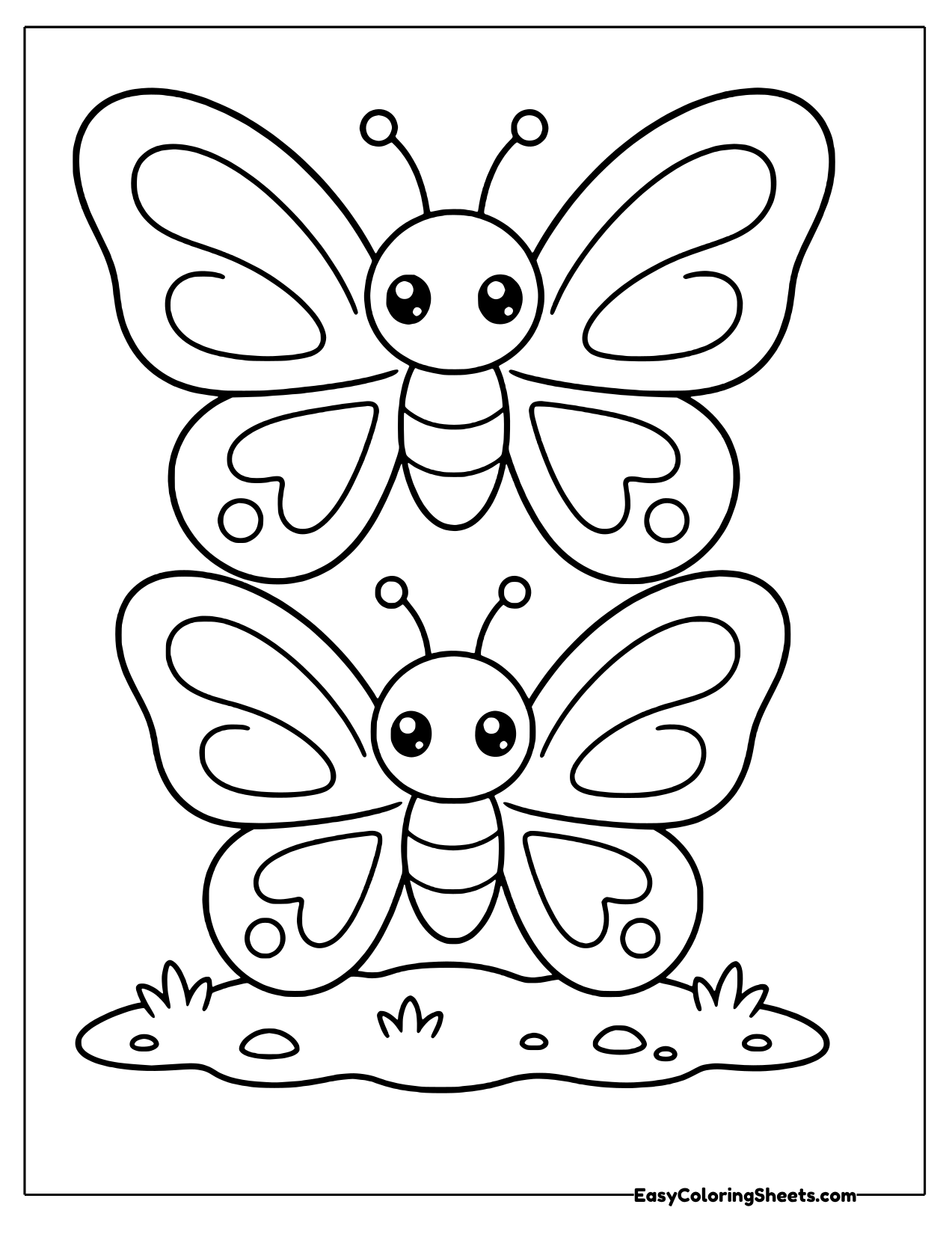 Two butterflies stacked on a grassy mound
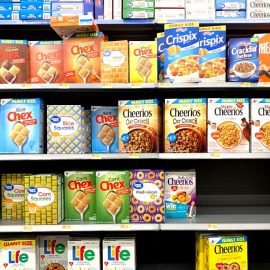 Boxes of cereal on a shelf in a grocery store signifying the lack of processed food regulations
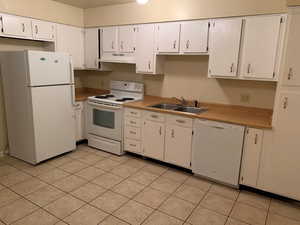 Kitchen with white appliances, light countertops, white cabinets, and under cabinet range hood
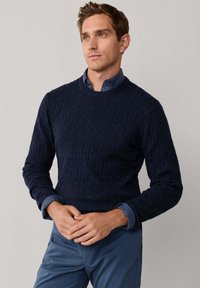 Marineblauwe kabelgebreide trui met ronde nek, textuurpatroon en geribde manchetten, gedragen over een blauw geruit shirt. Gecombineerd met blauwe broek.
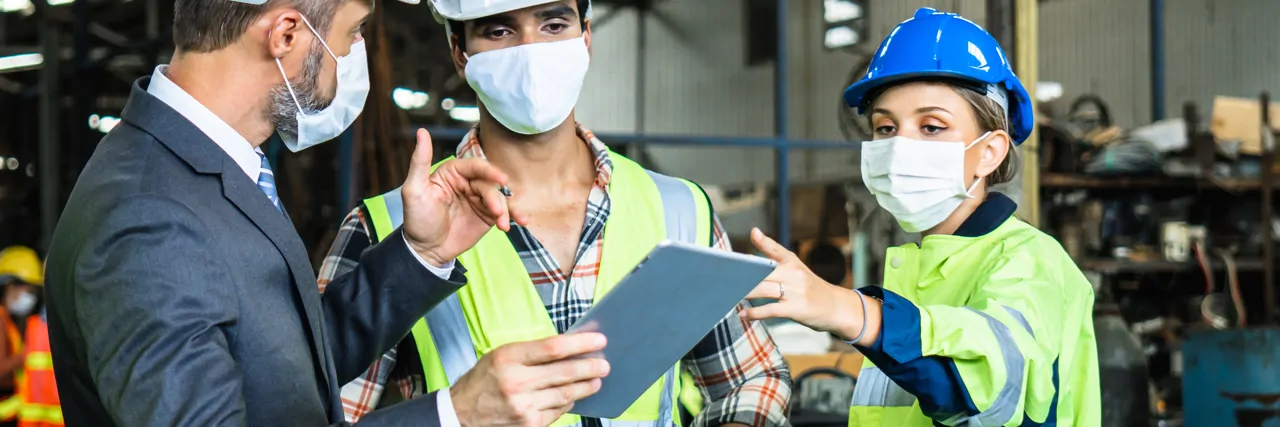 Three people in PPE reviewing information on a tablet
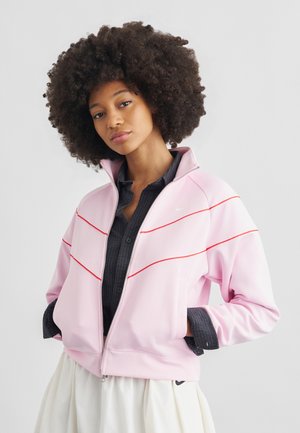 Mlajša ženska s kodrastimi lasmi, oblečena v svetlo roza jakno z rdečimi črtami čez temno srajco in belo krilo, s rokami v žepih.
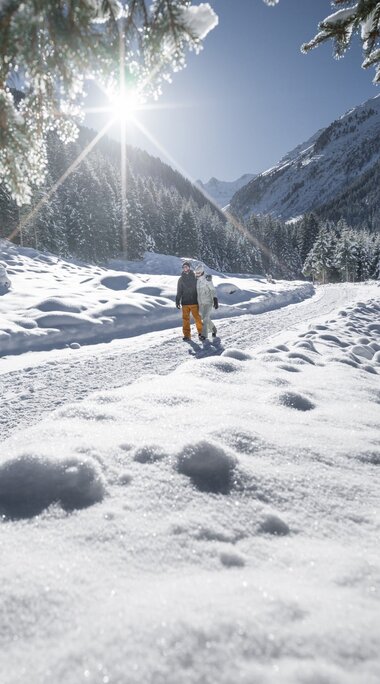 Winter hiker on sunny snow trail through snowy mountain scenery. | © Holiday Region Nationalpark Hohe Tauern - Daniel Breuer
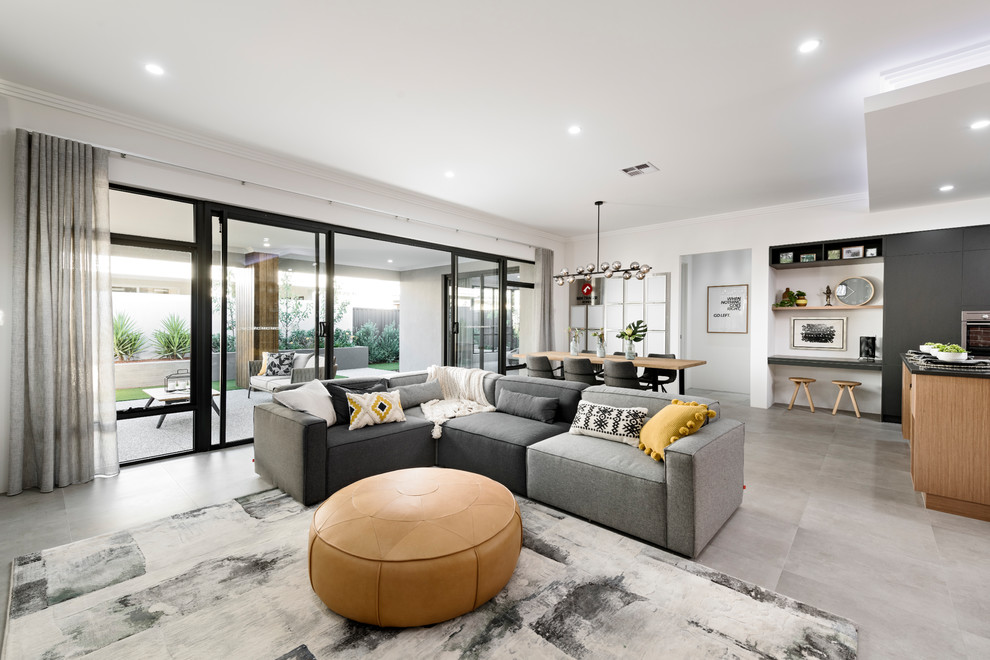 This is an example of a mid-sized contemporary open concept living room in Perth with white walls, grey floor and ceramic floors.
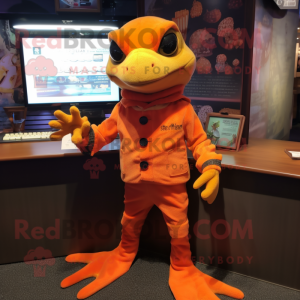 Orange Geckos mascot costume character dressed with a Culottes and Mittens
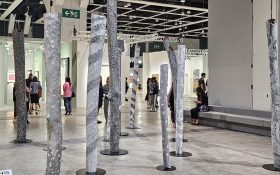 Naminapu Maymuru-White, ‘Larrakitj Forest’, 2024, presented by Sullivan+Strumpf as part of Encounters, Art Basel Hong Kong 2024. Photo: ArtsHub. A dozen organic wood poles with black and white dotted paintings inside the convention centre.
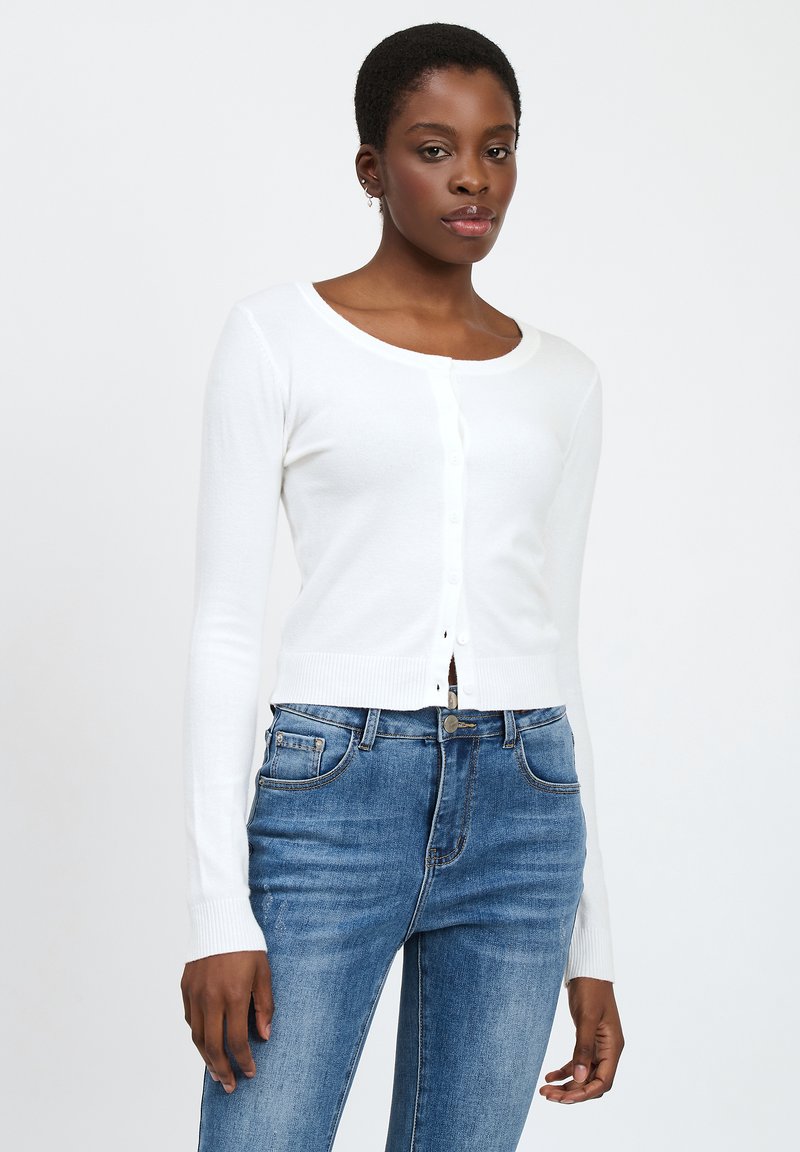 Cárdigan blanco de mangas largas con cuello redondo, cierre de botones y puños acanalados, combinado con unos jeans de mezclilla azul de cintura alta.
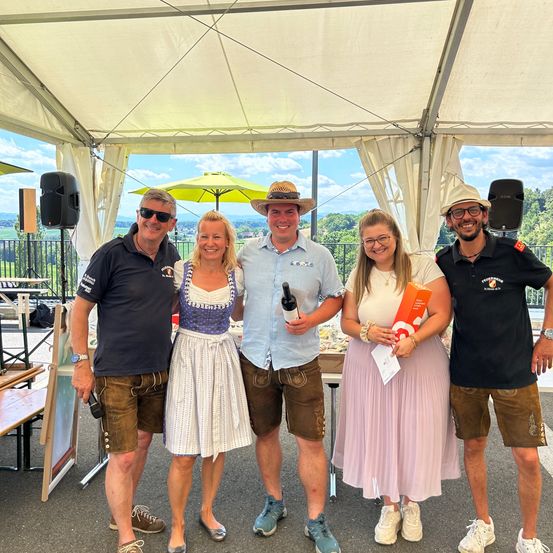 Fünf Menschen stehen lächelnd unter einem Zelt. Ein Mann hält eine Flasche. Hinter ihnen steht ein Tisch mit einem Lautsprecher. Im Hintergrund sind Bäume und ein Zaun zu sehen.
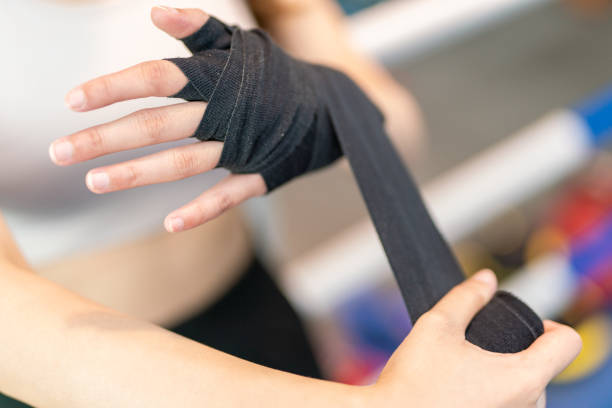 istock Asian Female Boxer doing hand wrap in a boxing gym before boxing exercise 1498631817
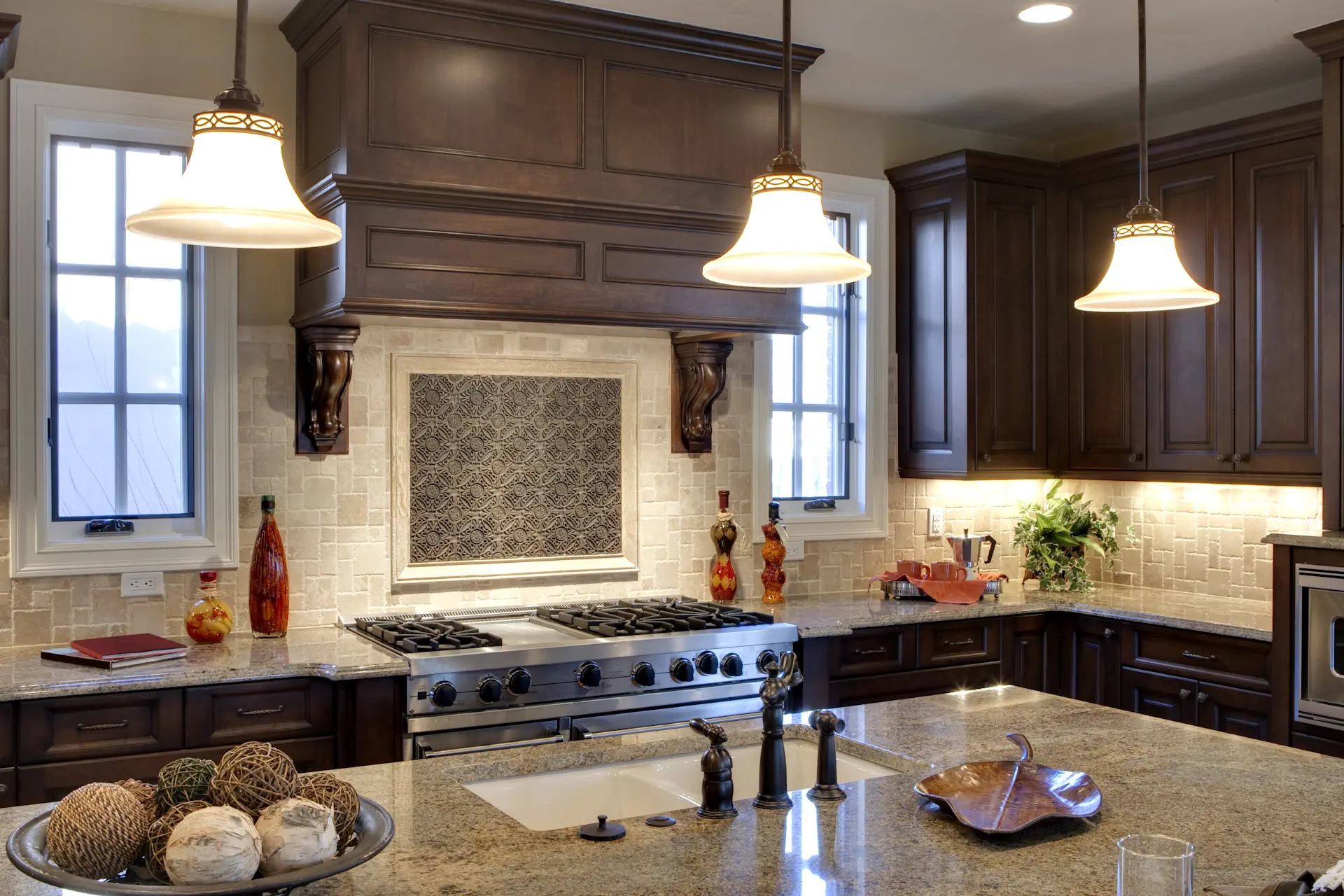 Custom kitchen island with seating, storage, and workspace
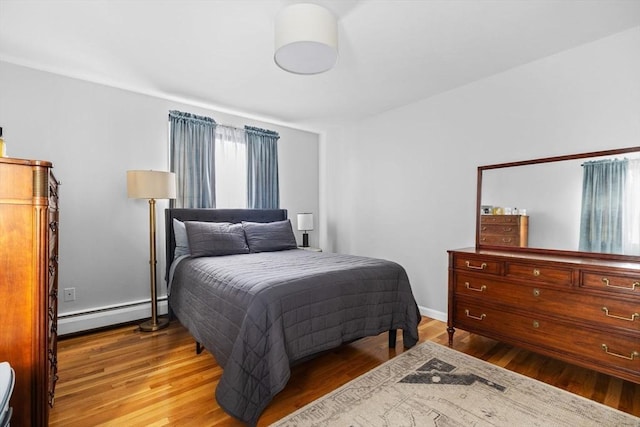 bedroom featuring baseboards, baseboard heating, and wood finished floors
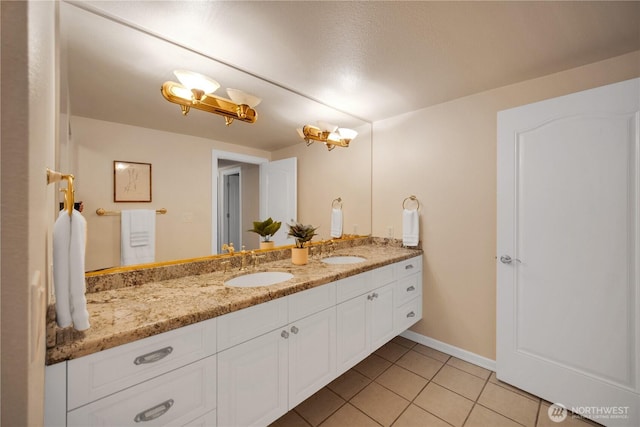 full bath with double vanity, a sink, tile patterned floors, and baseboards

__WHAT THIS TASK INVOLVES__: Except for the pictures, copy the material above exactly.

__FINISHED EXERCISE__:
 Two butterflies stacked on a grassy mound
 Boxes of cereal on a shelf in a grocery store signifying the lack of processed food regulations
 Kitchen with white appliances, light countertops, white cabinets, and under cabinet range hood
 Marineblauwe kabelgebreide trui met ronde nek, textuurpatroon en geribde manchetten, gedragen over een blauw geruit shirt. Gecombineerd met blauwe broek.
 Three people in PPE reviewing information on a tablet
 Mlajša ženska s kodrastimi lasmi, oblečena v svetlo roza jakno z rdečimi črtami čez temno srajco in belo krilo, s rokami v žepih.
 Winter hiker on sunny snow trail through snowy mountain scenery. | © Holiday Region Nationalpark Hohe Tauern - Daniel Breuer
 This is an example of a mid-sized contemporary open concept living room in Perth with white walls, grey floor and ceramic floors.
 Orange Geckos mascot costume character dressed with a Culottes and Mittens
 Naminapu Maymuru-White, ‘Larrakitj Forest’, 2024, presented by Sullivan+Strumpf as part of Encounters, Art Basel Hong Kong 2024. Photo: ArtsHub. A dozen organic wood poles with black and white dotted paintings inside the convention centre.
 Cárdigan blanco de mangas largas con cuello redondo, cierre de botones y puños acanalados, combinado con unos jeans de mezclilla azul de cintura alta.
 Fünf Menschen stehen lächelnd unter einem Zelt. Ein Mann hält eine Flasche. Hinter ihnen steht ein Tisch mit einem Lautsprecher. Im Hintergrund sind Bäume und ein Zaun zu sehen.
 istock Asian Female Boxer doing hand wrap in a boxing gym before boxing exercise 1498631817
 Custom kitchen island with seating, storage, and workspace
 bedroom featuring baseboards, baseboard heating, and wood finished floors
 full bath with double vanity, a sink, tile patterned floors, and baseboards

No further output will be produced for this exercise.